Johannes Seidemann (Saxophon) und Jens-Peter Enk (Klavier) begleiteten den Abend musikalisch.

Die Globalisierung mit ihrem Anspruch an Flexibilität und Mobilität sei Gift für das Wachsen und Pflegen von Beziehungen. Die Individualisierung, Urbanisierung und Digitalisierung führten ebenfalls dazu, dass Menschen nicht mehr echte Nähe und „Empathie mit Haut und Haaren“ erlebten.

Nur in der Liebe und Religion wird das Angewiesensein auf Andere nicht negativ erlebt.

„Dabei sind wir Menschen eigenständig und zugehörig, unabhängig und angewiesen“, betonte Meier. In nur zwei Erfahrungsfeldern des Lebens werde dieses Angewiesensein auf andere nicht negativ erlebt, sondern positiv, bisweilen sogar als Geschenk – in der Liebe und in der Religion. „Weil der menschgewordene Gott bei mir ist, bin ich nicht allein.“

Trinität: Gott ist ein Wir

Das für eine Religion ziemlich Ungewöhnliche des Christentums sei sein Glaube an Gott als Dreifaltigen, führte der Psychologe und Theologe weiter aus. „Das heißt doch nichts anderes als: Gott ist kein Single, Gott ist kein Solo-Ich, sondern Gott ist von Anfang an und bis zum Ende ein Wir.
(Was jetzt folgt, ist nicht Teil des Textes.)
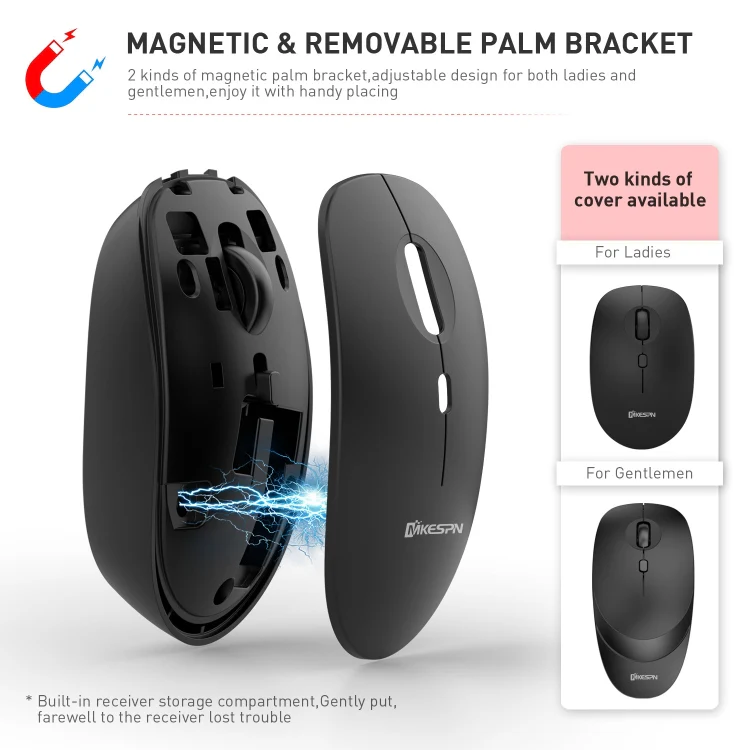 MKESPN 859 2.4G+BT5.0+BT3.0 Three Modes Wireless Mouse (Pink) - Image 4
Im Anfang ist Beziehung. Und am Ende ist Beziehung.“

Pfarrer Dr. Jochen Denker hielt die Andacht.

Ein Gedanke, den auch Pfarrer Dr. Jochen Denker, Synodalassessor des Kirchenkreises, in seiner Andacht aufgriff. „Die Trinität hat darin ihren Sinn, dass alles Leben Begegnung mit dem Anderen und mit Gott ist“, sagte er. „Der Mensch ist zum gemeinsamen Leben bestimmt und nicht als Ich-Individualist, sondern als Person geschaffen.“

Für seinen spannenden und dichten Vortrag erntete Olaf Meier in der CityKirche viel kopfnickende Zustimmung und am Ende langanhaltenden Applaus. Durch den Abend führten Superintendentin Ilka Federschmidt und Thorsten Levin vom Öffentlichkeitsreferat.

Musikalisch begleitet wurde der Empfang von Kirchenmusikdirektor Jens-Peter Enk (Flügel) und Johannes Seidemann (Saxophon). Für das Wohlergehen der Gäste sorgte in bewährter Weise das Team des Weltcafés.